Spottswood Poles is particularly on my mind now because I spent last weekend in Harrisburg at the 20th annual SABR (Society of American Baseball Research) Jerry Malloy Negro League Conference, each year held in a different city having a distinctive Negro league history. Harrisburg also hosted the first Negro League Conference in 1998.
In the 1920s, the Harrisburg Giants, under the great Oscar Charleston as player-manager, and with stalwarts Ben Taylor, Rap Dixon, and Fats Jenkins on the team, played in the Eastern Colored League (ECL) with teams from New York, Washington, Baltimore, Philadelphia, Atlantic City, and Brooklyn.
The Conference consists of three days of papers, presentations, and various events, all dedicated to the study of the Negro leagues and to paying homage to these great players and teams.
Friday night we conduct “field work” by attending a ball game.

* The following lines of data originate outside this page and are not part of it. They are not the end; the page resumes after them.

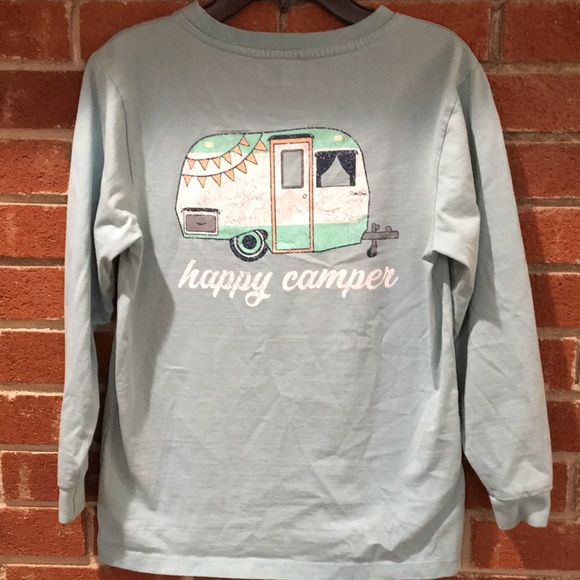 Other - Ruffle Butt Happy Camper long sleeve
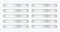 Realistic various shiny metal rulers with measurement scale and divisions, measure marks. School ruler, centimeter and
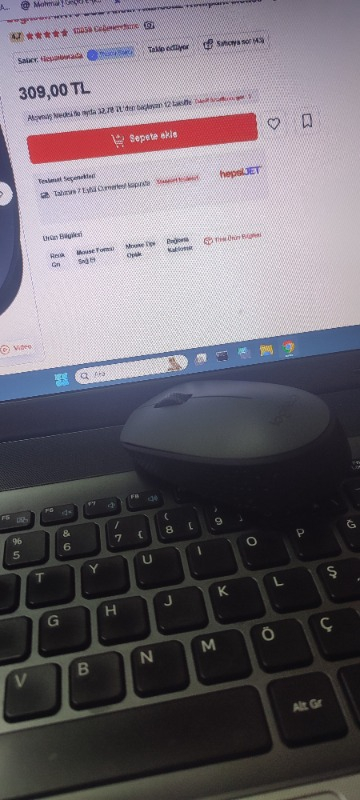 Logitech M170 USB Alıcılı Kablosuz Kompakt Mouse - Gri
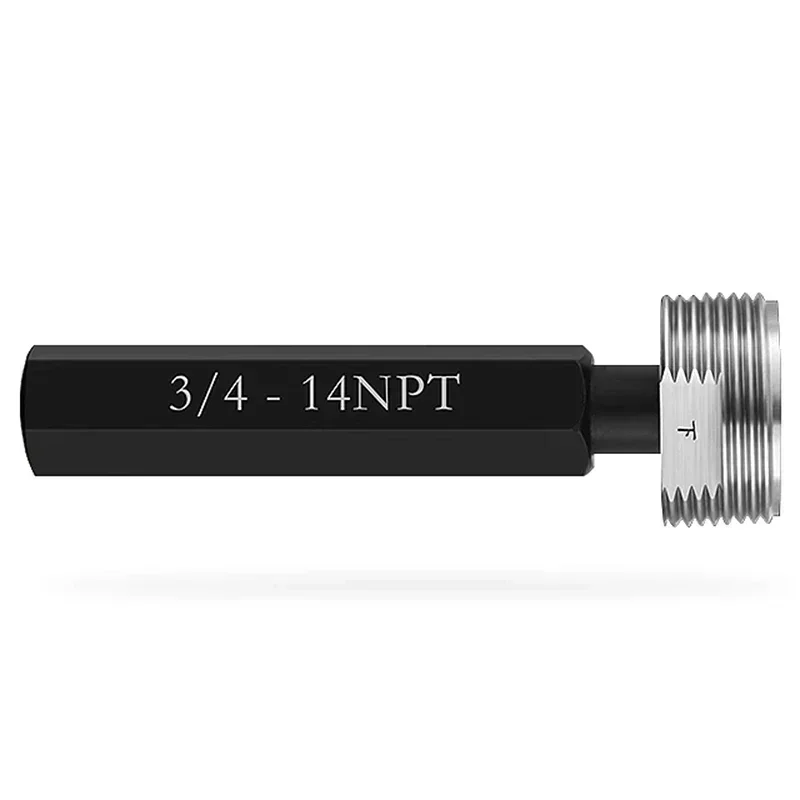Imagem -04 - Precisão Parafuso Externo Calibre Ferramenta de Teste Teste de Rosca Tubo Cônico Rosca Rosca Rosca Plug Calibre Npt1 Npt1 Npt 4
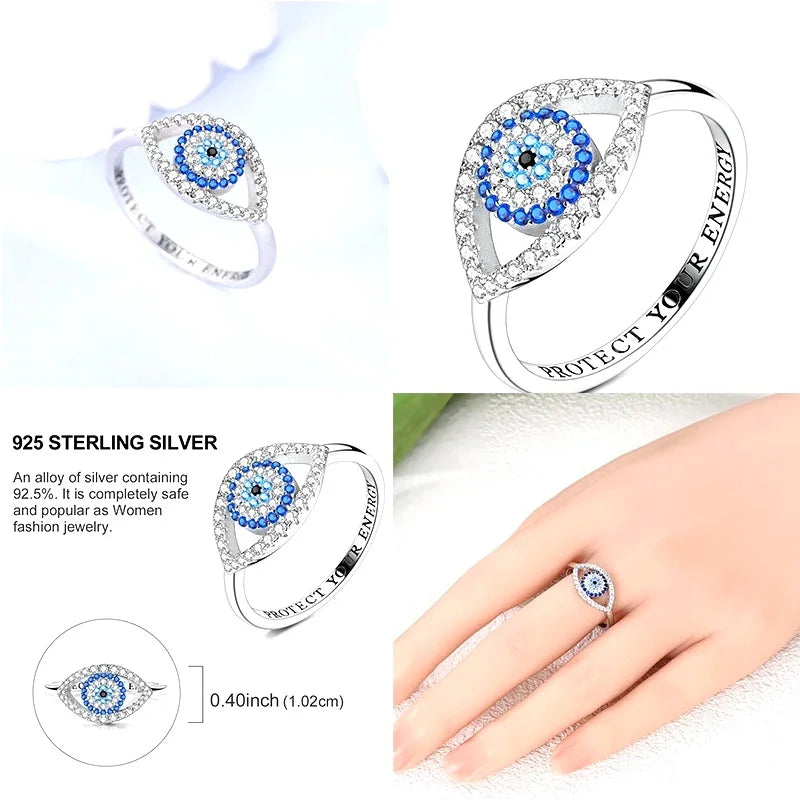 Original Design 925 Sterling Silver Shining Sun Star Moon Ring Fit Women Wedding Wedding   Engagement  Gift 2025 New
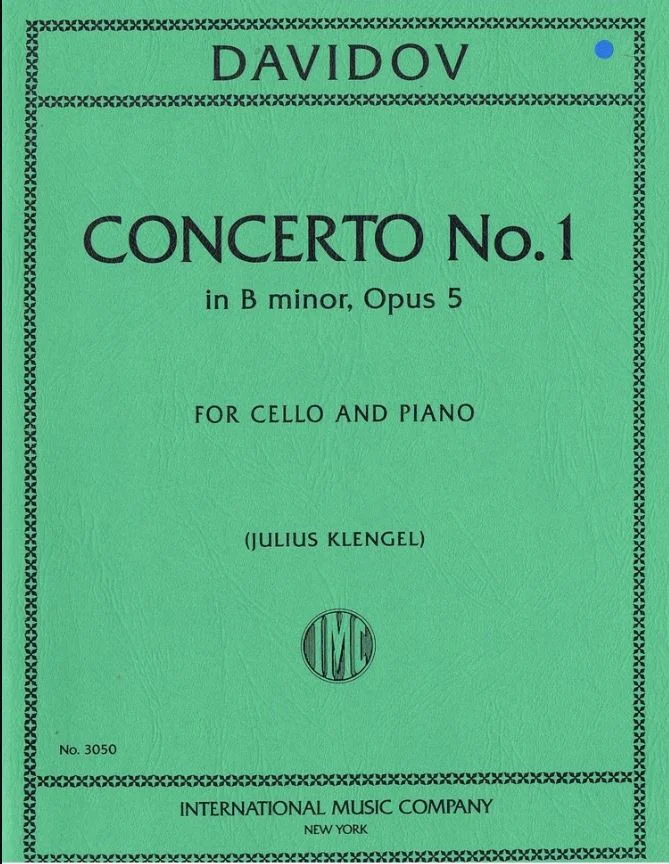 Davidov, Concerto No.1 in B minor, Opus 5 for Cello and Piano IMC 3050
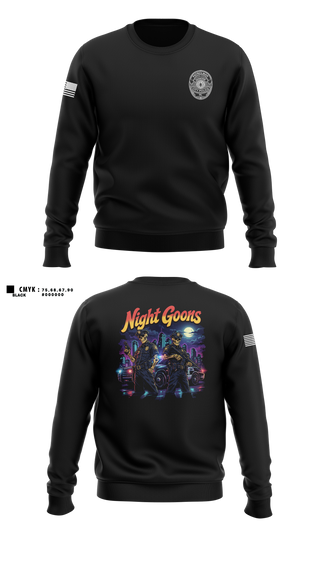 Crew Neck Sweatshirt, Shamokin City Police, Police, Teamtime, Team time, sublimation, custom sports apparel, team uniforms, spirit wear, spiritwear, sports uniforms, custom shirts, team store, custom team store, fundraiser sports, apparel fundraiser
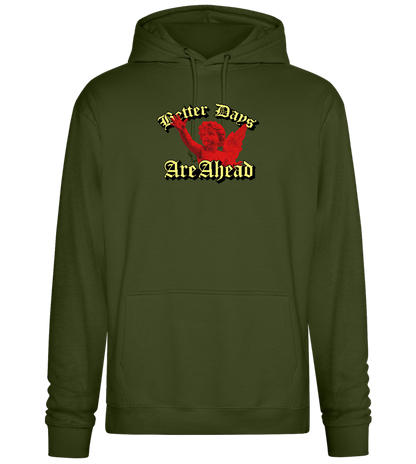 Better Days Design - Premium Essential Unisex Hoodie_ARMY_front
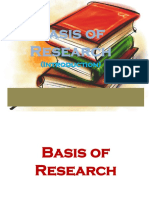 003.Basis of Research Research Definitions, Types, Importance2020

This year, the Harrisburg Senators took on the Portland Sea Dogs. The game was played on Island Park, an actual island in the middle of the wide Susquehanna which runs through Harrisburg. Baseball games have been played on that site since the 1890s.
The Negro League Conference is about my favorite thing to do each summer.
As for the name “Spottswood”:
Local Harrisburg historian Calobe Jackson Jr. explained that the name “Spotswood” is both a first and last name for African Americans in Harrisburg.
There’s a Spotswood, Virginia, a tiny community about 100 miles south of Poles’ birthplace in Virginia, probably named after colonial Virginia governor Alexander Spotswood. Maybe there’s a connection. I’ll keep digging. 
Poles was nominated for the Hall of Fame in Cooperstown in 2006 when 17 Negro Leaguers were inducted into baseball’s shrine all at once after a formal process of evaluation. Spot missed by a whisker, determined by the experts to be in the next tier of excellence.
He may yet get in. If so, you can be sure I’ll go to the induction ceremony.